Iranian Foreign Minister Abbas Araqchi. (AFP file)
Iranian Foreign Minister Abbas Araqchi. (AFP file)

Iran will hold talks in Istanbul on Friday with European parties to their now-moribund nuclear deal, Iranian Foreign Minister Abbas Araqchi said on Wednesday, after an earlier meeting planned for May 2 was postponed.

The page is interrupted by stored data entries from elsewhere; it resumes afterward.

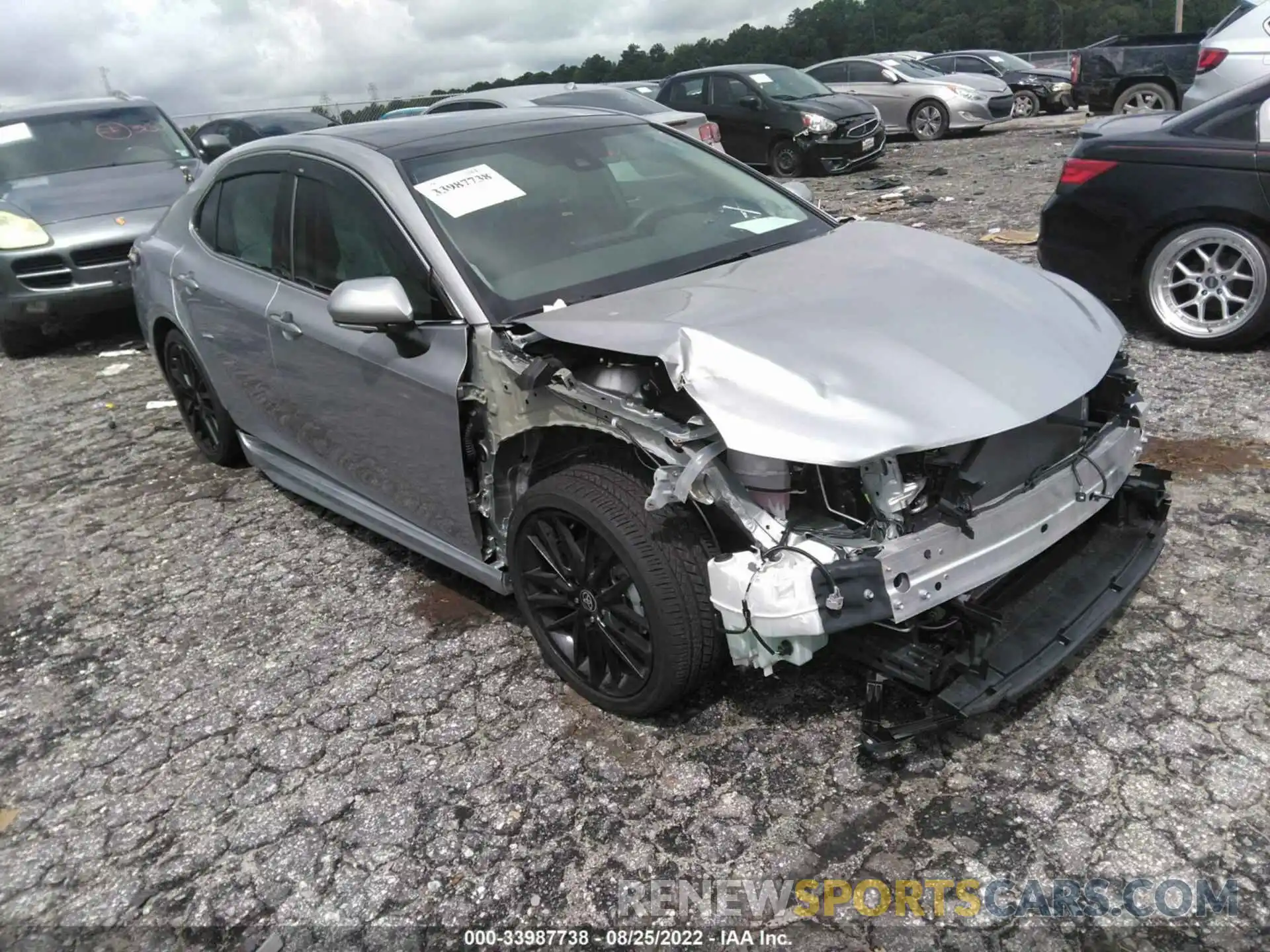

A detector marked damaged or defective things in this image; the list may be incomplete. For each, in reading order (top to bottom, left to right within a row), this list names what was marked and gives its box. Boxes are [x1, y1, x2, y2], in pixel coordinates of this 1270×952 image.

crumpled hood [0, 162, 196, 227]
damaged silver sedan [131, 108, 1168, 756]
crumpled hood [523, 219, 1122, 467]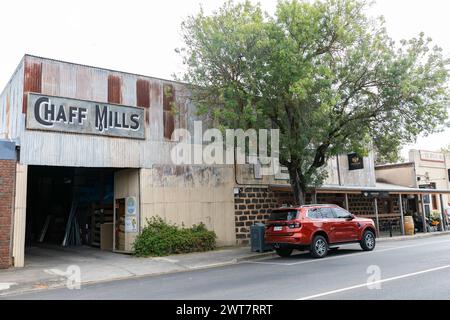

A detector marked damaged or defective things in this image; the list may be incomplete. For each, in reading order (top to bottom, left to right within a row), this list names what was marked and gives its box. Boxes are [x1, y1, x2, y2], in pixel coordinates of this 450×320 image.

rusted metal [22, 61, 42, 114]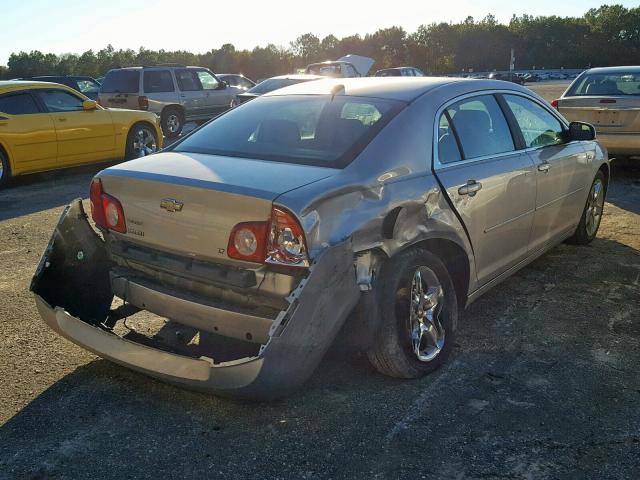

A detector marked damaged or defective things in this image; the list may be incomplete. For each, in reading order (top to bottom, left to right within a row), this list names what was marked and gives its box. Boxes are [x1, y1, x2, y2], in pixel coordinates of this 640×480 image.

broken tail light [89, 178, 127, 234]
crushed rear bumper [31, 197, 360, 400]
broken tail light [229, 205, 308, 268]
damaged silver sedan [31, 79, 608, 400]
wrecked car [31, 79, 608, 400]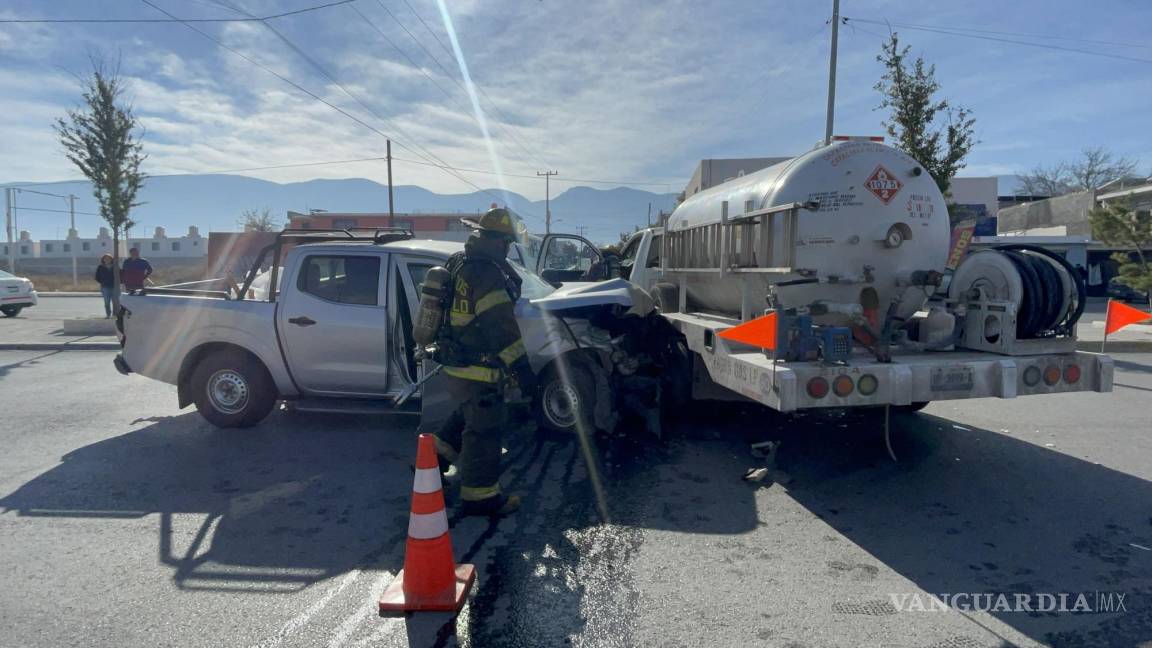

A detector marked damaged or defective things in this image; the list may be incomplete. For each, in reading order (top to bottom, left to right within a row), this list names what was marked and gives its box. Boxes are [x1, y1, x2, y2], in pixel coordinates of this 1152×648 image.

crumpled truck hood [528, 280, 652, 318]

Reuters reported earlier that the Iranian deputy foreign minister would meet French, British and German diplomats to maintain dialogue and discuss how they envisage parameters of a potential new nuclear deal being negotiated between Tehran and Washington.

Iran's foreign minister said the fourth round of Iran-US talks held on May 11 was "difficult" as they focused on the controversial issue of enrichment, adding he hoped the other side would come with "more realistic positions" after gaining a better understanding of Iran's fundamental positions.

A fifth round of talks is to be announced by Oman's foreign ministry which has acted as mediator since the start of the talks on April 12.

Araqchi reacted to US President Donald Trump’s comment made on Tuesday in Riyadh, where Trump called Iran "the most destructive force" in the Middle East.

"Unfortunately, this is a deceptive view. It is the US that has prevented Iran's progress through sanctions," Araqchi said.